Corpo do artigo
Jorge Mário Bergoglio, também conhecido por Papa Francisco, entrou-nos casa dentro pela primeira vez no início do ano. E por lá aparece amiúde, trazido pelas notícias, como uma estrela luminosa em movimento sobre os telhados da nossa negra noite de depressão coletiva. Ninguém esperava uma figura no Vaticano com uma tão radical sublevação formal. Uma figura de "grande público" ao nível de um Obama ou de um Dalai Lama, mas com um "conteúdo" coerente e uma espontaneidade nunca vista por aqueles lados. Um homem com uma vida de trabalho, despojamento e dedicação aos outros que o faz amar sem táticas, varrer o Banco do Vaticano sem hesitações ou finalmente pedir uma desculpa dolorosa pela pedofilia e por tantos outros maus serviços no meio de muitos igualmente bons. Entretanto, o Vaticano deixou de ser um "castelo de marfim". Roma voltou ao mapa do Mundo.
O que se torna irresistível em Jorge Mário é aquela afetividade sincera que permite até a um ateu aceitá-lo.
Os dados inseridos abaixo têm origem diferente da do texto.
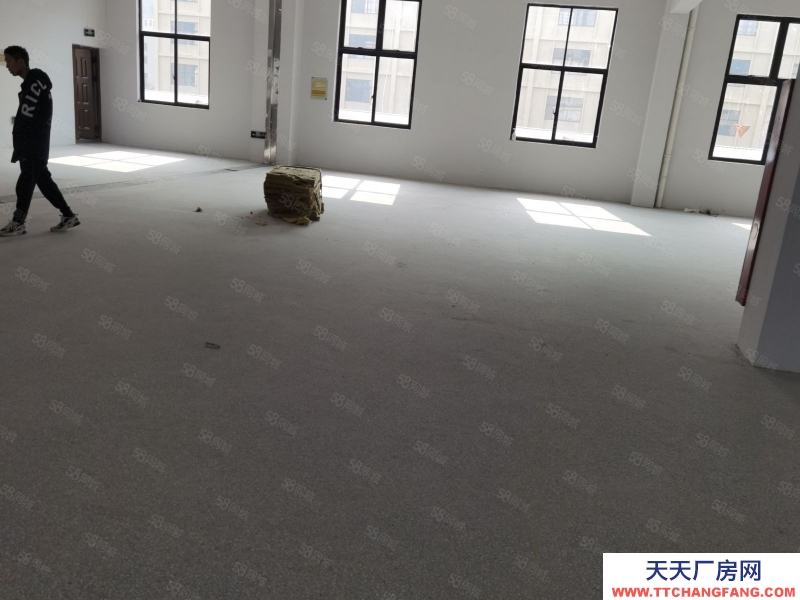 臺州市黃巖(出租) 出租，黃巖江口工業(yè)區(qū)獨門獨院9000平米  水果制品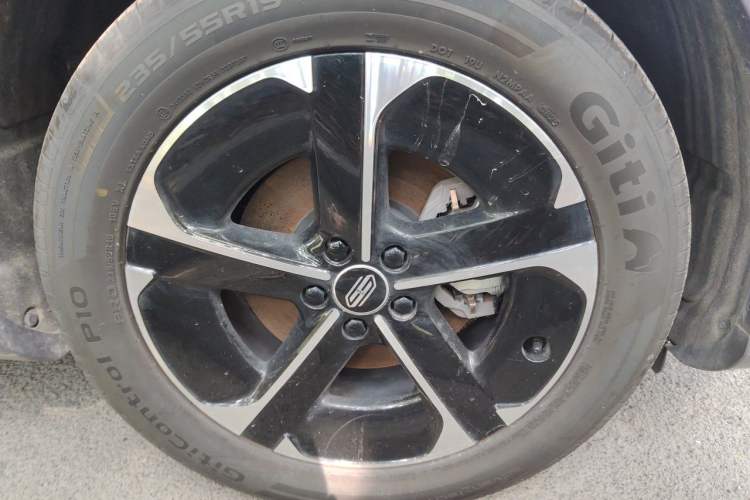 Used Hima H5 2025 Model Range-Extending Pro Right Front Wheel Hub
Porque ele toca nas pessoas através das palavras. E mesmo fisicamente, perante as multidões, percebe-se que estende a mão para tocar e não para ser tocado, como se quisesse chegar a todos, incessantemente. Começam a sobrar os exemplos, aliás, dos momentos inesperados em que lhe pedem um abraço, um beijo numa criança, e ele vai sempre - estejam limpos ou sujos, seja perigoso ou não. É simbólico aquele episódio, há meses, em que alguém caiu num palco perto de si e Mário acorreu de imediato para ajudar - ele não se vê como um "chefe de Estado" que espera por um assessor para compor a situação. Vai ele mesmo, sem protocolo que o trave.
Francisco não está a milhões de quilómetros da vida comum e parece, aliás, de outra galáxia, face à Igreja Católica de discurso vazio e monocórdico que conhecemos. Pelo contrário: hoje, temos o Mário Jorge, de Buenos Aires, temporariamente em Roma, temporariamente no lugar máximo da Igreja, e que faz deste privilégio um dom, um poder para chegar aos outros. Daí que responda a cartas, telefone a pessoas, apareça pela calada da noite a matar a fome aos que dormem nas ruas e, sobretudo, que tenha decidido alojar-se numa casa simples de missionários onde os outros estão perto dele - para não se enredar na tenebrosa solidão dos palácios adornados de luxo por fora e de solidão por dentro.
Francisco não vai conseguir resolver todos os grandes problemas da Igreja. Provavelmente, alguns já não estão ao alcance dos anos que lhe restam. Está a conseguir evitar a exclusão dos divorciados e dos homossexuais, talvez dê passos na possibilidade de o celibato não ser condição para acesso ao sacerdócio, mas, infelizmente, não vai conseguir chegar ao ponto alto desta pirâmide dogmática, transversal a quase todas as religiões dominantes, que é a não ordenação das mulheres. Ainda não vai ser este Papa a ficar na história como o "Mandela" da Igreja em relação à segregação sexista.
Ainda assim, Bergoglio é um "tempo novo". À revista jesuíta "Brotéria", há uns meses, deu uma resposta inesquecível sobre quem são as pessoas que levam às costas o peso do mundo, aqueles que ele classifica como "os novos santos". A resposta: "Vejo a santidade no povo de Deus paciente: uma mulher que cria os filhos, um homem que trabalha para levar o pão para casa, os doentes, os sacerdotes idosos com tantas feridas mas com um sorriso por terem servido o Senhor, as irmãs que trabalham tanto e que vivem uma santidade escondida. Esta é, para mim, a santidade comum. Associo frequentemente a santidade à paciência: não só a santidade como 'hypomoné', o encarregar-se dos acontecimentos e circunstâncias da vida, mas também como constância no seguir em frente dia após dia. (...) Esta é também a santidade dos meus pais: do meu pai, da minha mãe, da minha avó Rosa, que me fez tanto bem".
Esta é a melhor definição do que é hoje um trabalhador (ou desempregado), de um pai ou de uma mãe que não desiste de lutar nem de viver. Estas pessoas, mais do que julgadas pelas questões morais de qualquer igreja ou qualquer deus, ganham o Céu assim: pelo pão e pela camisa lavada. O Evangelho é isto.